Sorprendentemente lo
sceriffo del paese, tentativo di figura morale vista la levatura del prete
della storia, nel momento cruciale invita Annah a fuggire con Calif, ma la
donna non se la sente di abbandonare il marito proprio ora che è accusato di
omicidio. Sidney ha infatti stuprato e ucciso, in preda al delirio etilico, la
povera sorella Hanson, rea di ricordargli la moglie. Così Annah, Calif e lo
sceriffo cercano di salvare Sidney dal linciaggio a cui i paesani, caldeggiati
da fratello Hanson, vogliono sottoporlo. Le scene drammatiche dell’impiccagione
sono montate in alternato, in uno stile tipico di Meyer, con le soavi immagini
di Eula che gioca con un gattino. La ragazza, sordo muta, attraversa tutto il
film senza venire minimamente intaccata dal marcio, o meglio, dal fango (in
riferimento al titolo) che imbratta ogni cosa e, nella sua innocenza, è spesso
peccaminosa (quando prova a sedurre Calif) esprimendo una contraddizione tipica
del cinema di Meyer. Ma l’aspetto più interessante è che la ragazza, che dopo
l’ora e mezza di film è chiaramente una persona pulita e sincera nella sua
inconsapevole estraneità a tutto ciò che la circonda, è attratta proprio da
Sidney, l’elemento peggiore della storia.
Anche questo è un tipico
cortocircuito alla Meyer, si potrebbe anche azzardare a dire che è un vero e
proprio Meyer’s touch.

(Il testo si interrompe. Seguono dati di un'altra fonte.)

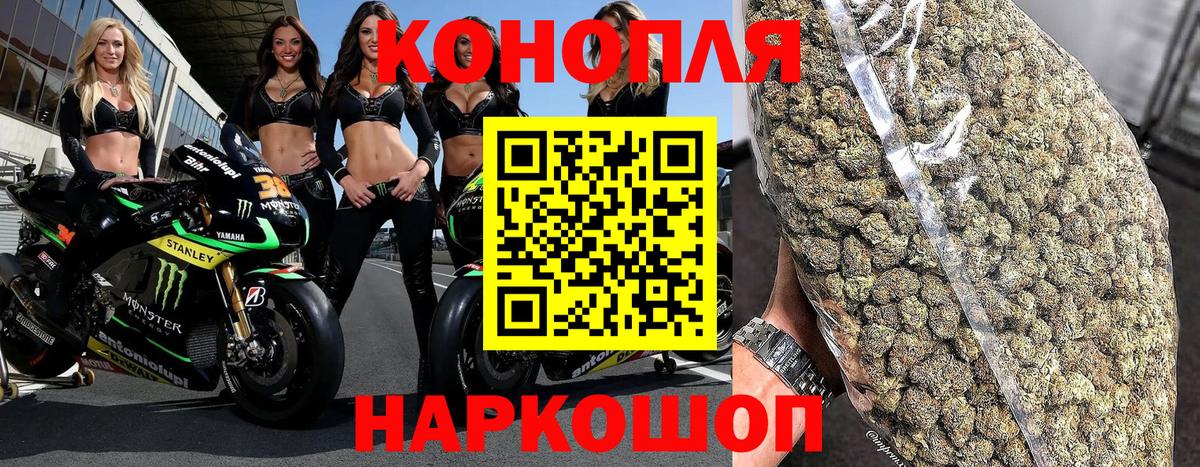 Бошки марихуана гибрид Новозыбков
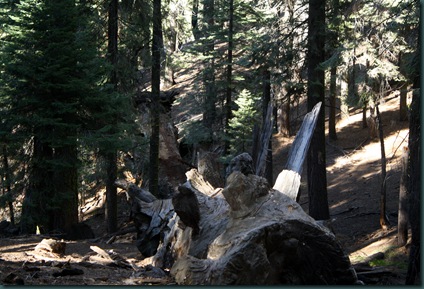 Sequoia National Park 252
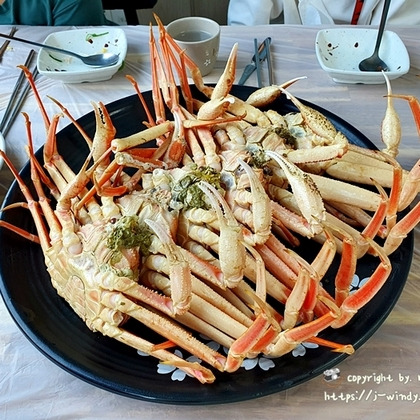 포항 구룡포 대게 직판장 가성비 좋았던 내돈 후기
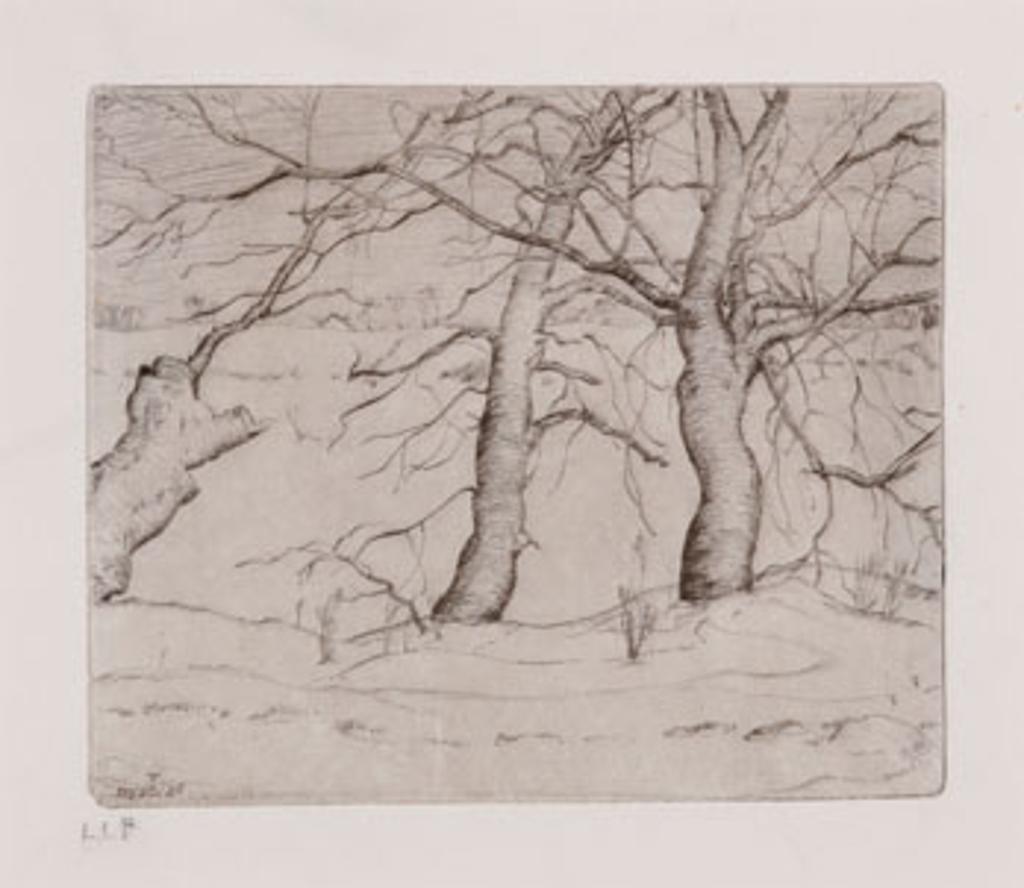 Lionel Lemoine FitzGerald (1890-1956) - Trees in Winter, State VII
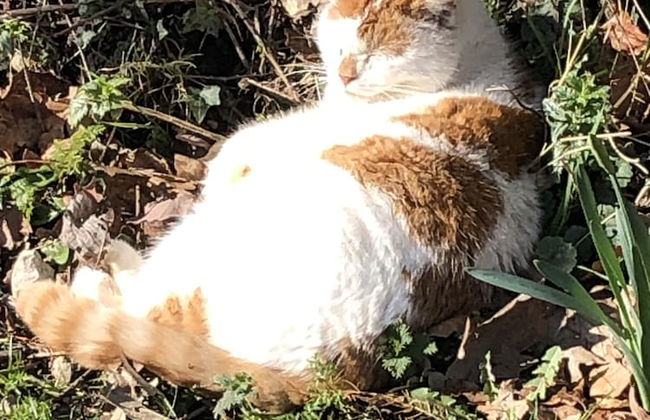 The Peacock Shepherds Hut at Hafoty Boeth - Foto 12
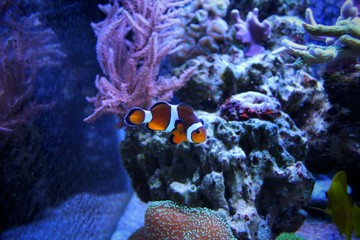 Ocellaris Clownfish (Amphiprion ocellaris)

Quando Eula arriva,
nella malmessa main street, e vede Sidney
appeso per il collo, si precipita ai suoi piedi e trova la voce per un urlo
disperato. La citazione finale, “Il male
di un uomo può diventare la maledizione di tutti”, aforisma del drammaturgo
romano Publilio Sirio, se sancisce le ambizioni autoriali di Mudhoney può
anche essere naturalmente presa come chiave di lettura dell’opera. Nel fango
della Grande Depressione, simile ad
una sorta di magma primordiale della creazione (forse il mud-honey del titolo), c’erano già gli elementi che avrebbero dato
vita alla moderna società americana. Il male, cristallizzato in Sidney, non può
venir estirpato con la violenza (l’impiccagione) perché così facendo ricadrà
sull’intera comunità, contaminando perfino l’incarnazione stessa dell’innocenza,
Eula che, a dimostrazione di ciò, acquista si la voce, ma per un grido di disperazione.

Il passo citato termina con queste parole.